Automatic Summarization
Automatic summarization is the process of shortening text documents using software in order to create a summary that contains the main points of the original document. It is currently part of the field of machine learning and data mining, the goal of which is to find subsets of data that contain relevant "information".
There are currently two methods for automatic summarization: extraction and abstraction. Extraction is to form a summary based on a subset of words, phrases or sentences in the original text; abstraction is to establish an internal semantic representation and then use natural language generation technology to create a summary that is close to human expression.
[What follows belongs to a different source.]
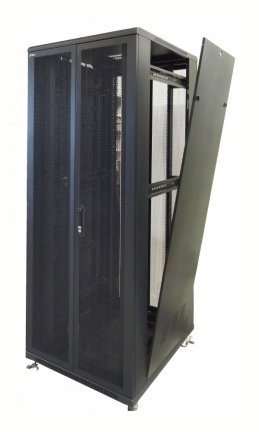 47U 19" patchkast stalen geperforeerde split voor en achterdeuren afmeting (BxDxH) 800x800x2200 - Afbeelding 7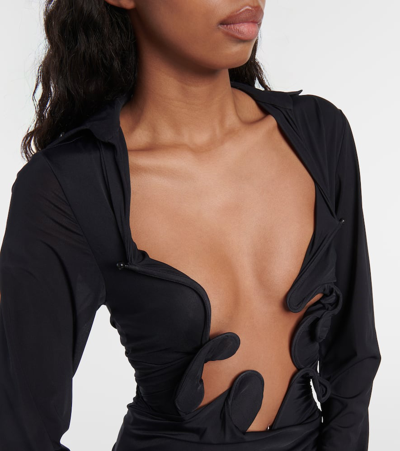 Shop Christopher Esber Venus Cutout Maxi Dress In Black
There are broadly two types of extractive summarization tasks depending on what the summarizer focuses on, the first is general summarization, which focuses on obtaining a general summary of a collection or a summary of an article etc. The second is query-dependent summarization, which summarizes objects specific to a query.
A common way to evaluate automatic summarization is to compare it with human summarization, which can be mainly divided into internal evaluation and external evaluation, and between text and within text.
Internal and external assessments
The internal evaluation is used to test the summary system itself, mainly evaluating the coherence and informativeness of the summary; the external evaluation is based on the impact of the summary on the completion of other tasks, including the impact of the summary on tasks such as relevance assessment and reading comprehension.
Intertextual and intratextual
Intra-text methods evaluate the output of a specific summarization system; inter-text methods focus on comparative analysis of the outputs of several summarization systems.